[Exercise materials]

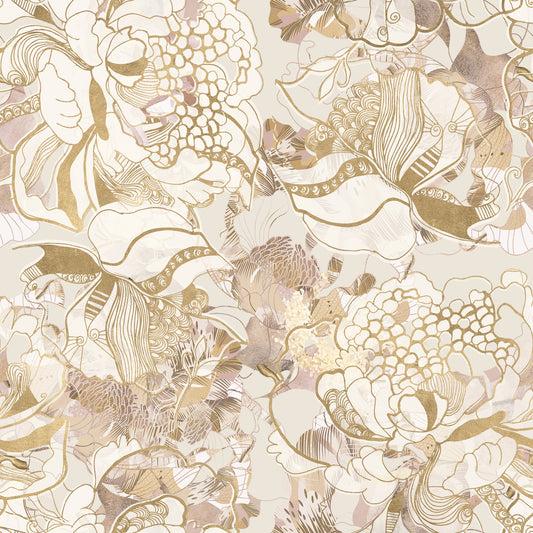 Blush Neutral Peony Wallpaper⁠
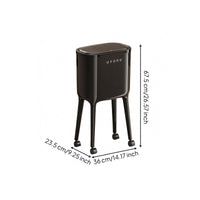 Glossy Black Double Trash Bin High-Legged Lidded Trash Bin Slim Legs Waste Container Rounded-Corner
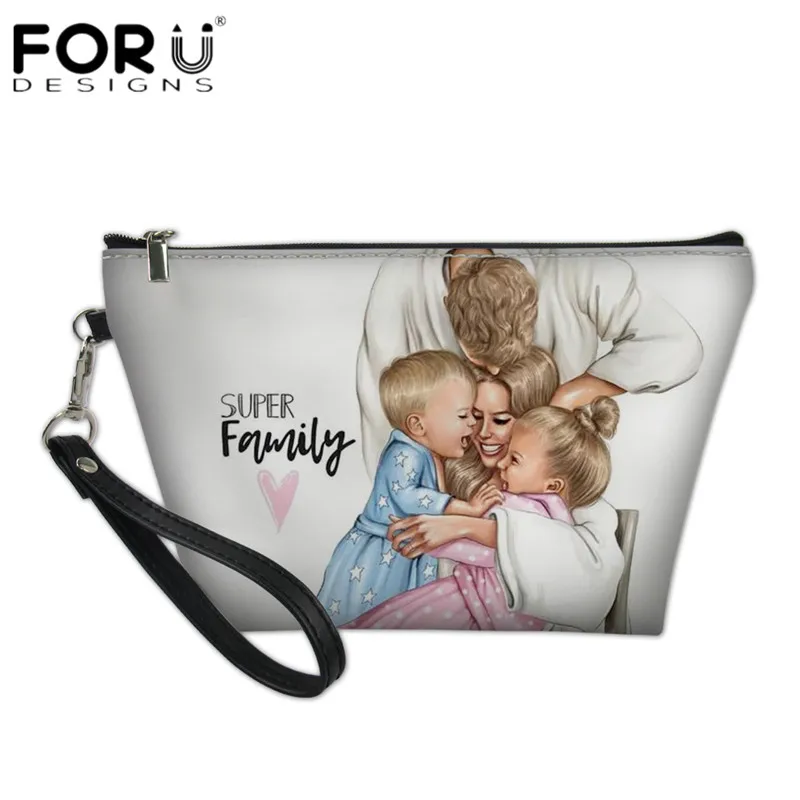 

FORUDESIGNS Zipper Makeup Cases Fashion Super Mama Dad Girl Mom Boy Baby Cosmetic Bags Teen Girls Toiletries Organizer Family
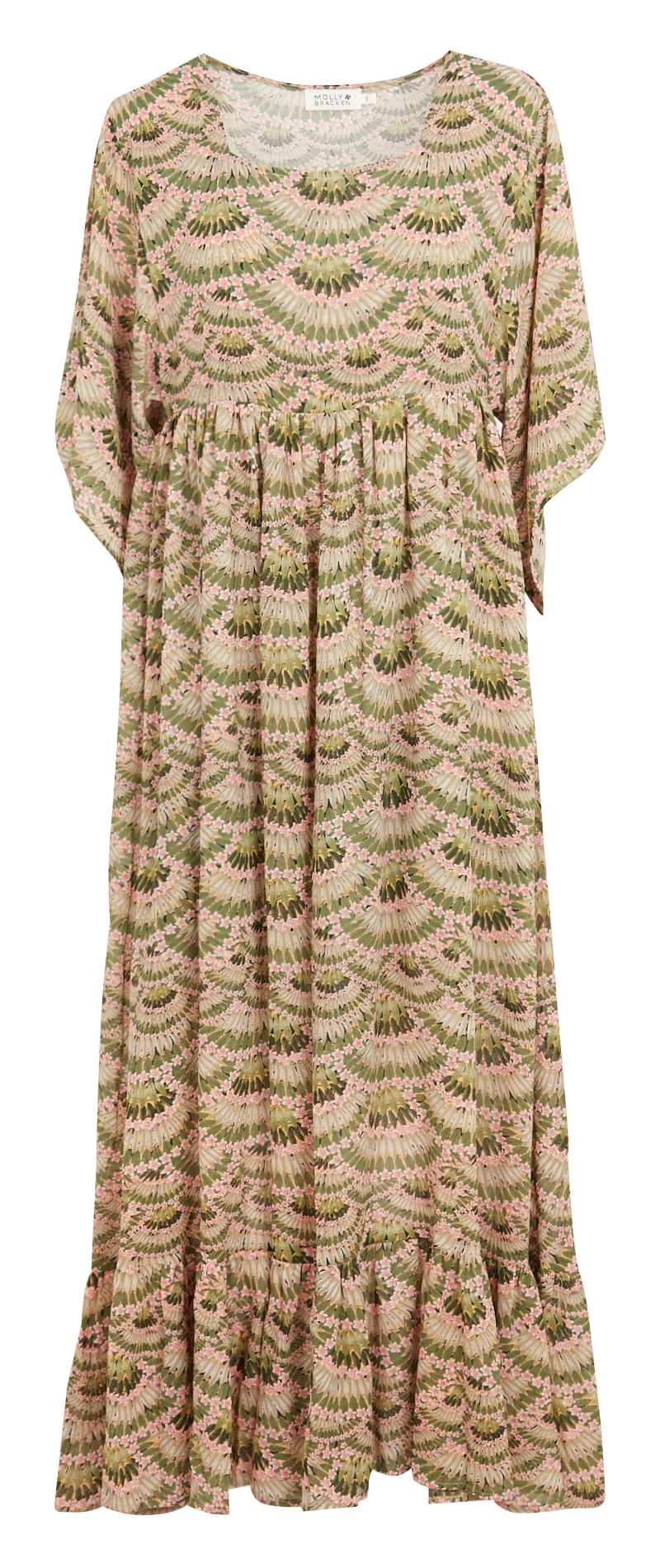 Vestido largo estampado con cuello cuadrado en caqui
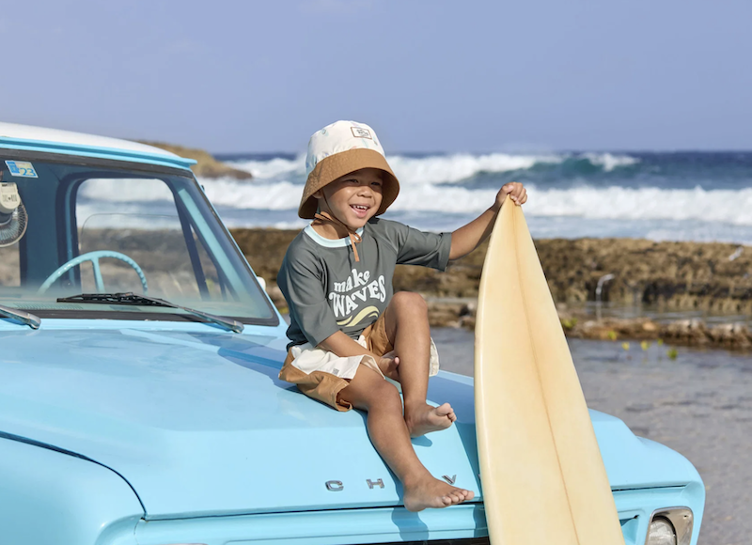 LÄSSIG Kinder Fischerhut UV 80 – Surfboard/See Salt - 4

[/Exercise materials]

Problem details:
From the line containing "FORUDESIGNS Zipper Makeup" to the end of the listing, restate each line word for word and nothing more; the pictures stay out.

Answer box:
FORUDESIGNS Zipper Makeup Cases Fashion Super Mama Dad Girl Mom Boy Baby Cosmetic Bags Teen Girls Toiletries Organizer Family
 Vestido largo estampado con cuello cuadrado en caqui
 LÄSSIG Kinder Fischerhut UV 80 – Surfboard/See Salt - 4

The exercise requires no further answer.